Безыменский. Сегодня длинный спор о Пастернаке кончился. Еще в 34 году группа пролетарских писателей давала бои Бухарину, сказавшему, что надо ориентироваться на Пастернака. Теперь Пастернак своим поганым романом поставил себя вне литературы и общества.
Софронов. Даже в Чили один писатель на перепутье сказал нам: «Странно вы ведете себя с Пастернаком. Ведь он ваш враг». (Говорит плохо, путаясь, не заканчивая фраз.)
С.Антонов. Размер премии 40–50 тысяч долларов. Нобель перевернулся бы в фобу, если бы узнал, кому пошли его деньги.

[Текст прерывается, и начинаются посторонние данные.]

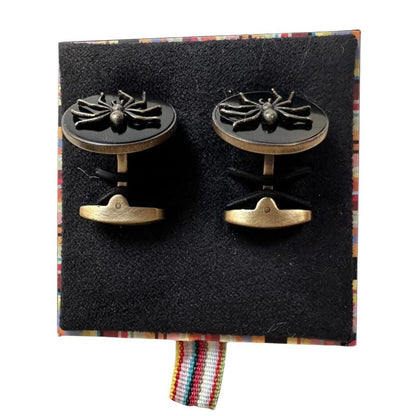 Paul Smith gunmetal cufflinks 2D spider design with intricate detailing and brand logo.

Б.Слуцкий. Шведская академия знает о нас только по ненавистной Полтавской битве и по еще более ненавистной Октябрьской революции. Премия Пастернаку дана ему из-за ненависти к нам.
Г.Николаева. Я принадлежу к тем людям, которые воспринимали и любили некоторые стороны творчества Пастернака — о природе, о Ленине. Я думала, что Пастернак найдет новый путь. «Д.Ж.» — плевок в народ. У меня теплилась надежда, что у него найдется мужество раскаяться…
Солоухин. Пастернак «там» будет нужен до тех пор, пока он у нас. Так же, как Югославия — пока она с нами, там она нужна. Очередная катастрофа с миллионершей, и Пастернак будет забыт. Это будет его самая главная казнь.
Б.Полевой. Антикоммунист забрался в коммунистический лагерь. Самый большой удар по коммунизму, крупнейший удар по советской культуре. Пастернак — это литературный Власов. (Показал и прочитал заголовки зарубежных газет.)
Смирнов. Поступило предложение прекратить прения. Хотели выступить следующие товарищи (зачитывает список, в начале — Дудинцев).
Голоса. Дайте Дудинцеву, и все.
Смирнов. Это недемократично.
Солоухин. Поддерживаю: дать слово Дудинцеву, ибо Пастернак в своем письме говорит о нем.
Смирнов возражает и объявляет голосование. Большинство — за прекращение прений.
Далее принимается резолюция, повторяющая постановление президиума правления СП.
Приложение № 20
СОЮЗ ПИСАТЕЛЕЙ СССР
ПРАВЛЕНИЕ
№ 3142
25 ноября 1967 г.
Товарищу А.И.Солженицыну
Уважаемый Александр Исаевич!
В ходе заседания Секретариата правления Союза писателей СССР 22 сентября с.г., на котором обсуждались Ваши письма, наряду с резкой критикой Вашего поступка, товарищами высказывалась доброже
лательная мысль о том, что Вам необходимо иметь достаточную по времени возможность тщательно обдумать все, о чем говорилось на Секретариате, и уже затем выступить публично и определить Ваше отношение к антисоветской кампании, поднятой недружественной зарубежной пропагандой вокруг Вашего имени и Ваших писем. Прошло два месяца.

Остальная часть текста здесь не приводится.